Мой дядя рассказывал, как он распахивал огромный холм под поле, которое потом все было усеяно, как арбузами, черепами людей. Однажды, когда военнопленных гнали конвоем на работу через поле, один пленный наклонился, чтобы сорвать под ногами маленькую помидорину, и был тут же расстрелян. Мама всю жизнь потом вспоминала эту помидорину, из-за которой так хладнокровно был убит человек.

    В маминой семье было воспитано обостренное чувство ценности человеческой жизни. Так, мой дед Степан Сидорович, отец мамы, прошедший три войны и награжденный в царское время Георгиевским крестом, радовался самому главному в своей жизни: пройдя три войны, он не убил ни одного человека. Георгиевский крест он получил за то, что первым прыгнул к австрийцам в окопы, и перепуганные австрийцы от неожиданности и без единого выстрела подняли руки вверх. За этот крест ему платили три рубля в месяц, и на них можно было купить «добру корову».

     Дед был физически очень крепким, его никто не мог побороть не только в родном селе, но и во всех соседних селах.
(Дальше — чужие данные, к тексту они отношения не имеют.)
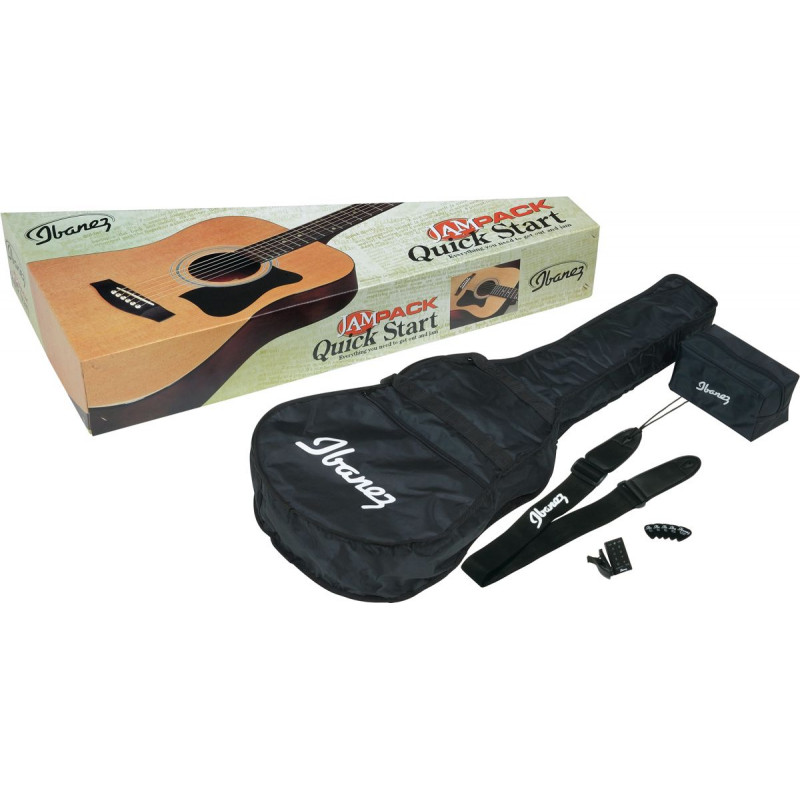 Pack guitare acoustique Ibanez V50NJP - Jam Pack - naturel - stock B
Когда на передовую приехали борцы с культпрограммой и самый сильный из них предложил солдатам померяться с ним силами, не откликнулся никто, кроме моего деда, который потом вспоминал: «Я його так сильно здавив руками, що він став жалібно пищати: хлопець відпусти". Однажды во время партизанских вылазок дед встретился один на один с австрийским солдатом, руки у обоих инстинктивно потянулись к ружьям, а потом дед второпях выхватил из торбы (вещмешка) хлеб и протянул австрийцу, и тот в ответ из своего мешка достал кусок сала.
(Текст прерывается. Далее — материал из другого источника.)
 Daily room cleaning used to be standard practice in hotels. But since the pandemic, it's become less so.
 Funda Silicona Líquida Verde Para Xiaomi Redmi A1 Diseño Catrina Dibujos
     Так они сели под деревом, поели вместе хлеба с салом, а потом дед сказал: "Ну, тепер тобі туди, а мені сюди". И разошлись в разные стороны. В другой раз, когда дед стоял на охране склада, к нему подполз враг и бросил в него гранату. Граната не разорвалась, и дед закричал перепуганному насмерть врагу: «Тікай, швидко тікай! (Убегай, быстро убегай!)», и выстрелил дважды вверх.
Когда был рукопашный бой и под крики «ура» все бежали на неприятеля, дед бежал вместе со всеми, но стрелял всегда только вверх. "Як добре, що я не вбив жодної людини. Це ж душа! Коли смерть до тебе прийде, що ти будеш робити, якщо ти чужу душу погубив?" – часто повторял наш дед.

     Мы, воспитанные тогда на фильме «Чапаев», в котором герой гражданской войны Василий Иванович рубил шашкой всем подряд головы, стеснялись, что дед никого не убил на войне, считали его трусливым, всегда смеялись и подтрунивали над ним. Даже учили его: «Дедушка, это такой позор, а ты этим хвалишься. Ты хоть не рассказывай никому, а то и над нами будут смеяться в школе». Сегодня я поклонилась бы в ноги моему мужественному деду, который рисковал своей жизнью, щадя чужую.
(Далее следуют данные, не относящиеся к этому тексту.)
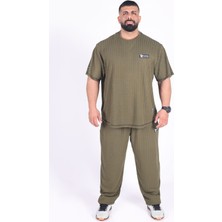 Team Ruchon Usa Erkek Büyük Beden Spor Takım - Fitness & Antrenman - Rahat Oversize Kalıp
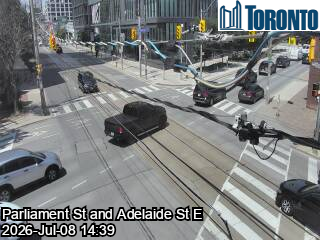 Snapshot from ADELAIDE ST E / PARLIAMENT ST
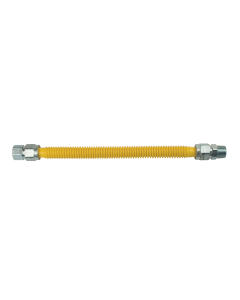 BrassCraft CSSB21-12 ProCoat 3/4 in. FIP x 3/4 in. MIP x 12 in. Stainless Steel Gas Connector 3/4 in. I.D. (290,900 BTU)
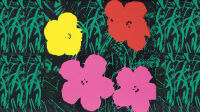 Exposition Andy Warhol, La banque, Musée des cultures et du paysage de Hyères 32_Flowers-Pink-Yellow-Red 1970_MD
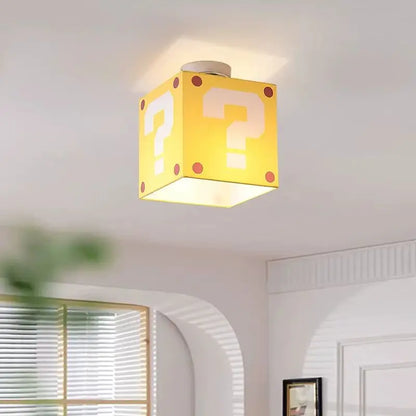 Sophie Lampe de Plafond pour Enfants Point d'Interrogation Jaune Créative Lumière de Chambre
     Мой дед был солдатом, призванным на войну убивать людей, но, видимо, заповеди Христа были глубоко поняты им. Если бы все люди воевали так, то не было бы войн. Я думаю, что именно поэтому Бог сохранил моему деду жизнь и благословил его семью: жена и пятеро детей, высланные вместе с ним в голодную степь на явную смерть, остались живы. В то время там не осталось ни одной семьи, где не умирали бы дети, в некоторых семьях умирало по три-четыре ребенка – один за другим.

    Дедушка не особенно говорил о своей вере, любил уединение, но мы часто видели, как он по слогам читал большую затрепанную Библию. Нелегкая судьба выпала моему деду: где он только не бывал! Даже в ссылке в Сибири, куда сослали его «проклятые Советы» за то, что он был старостой в селе. Когда отец хвалил Сталина, дед, не скрывая, плевался и говорил, что «портрету Сталина нет места даже в уборной». Дед мой прожил 84 года, перед смертью приподнялся с постели и сказал: «Вот в дверях цари стоят, за мной пришли». И умер.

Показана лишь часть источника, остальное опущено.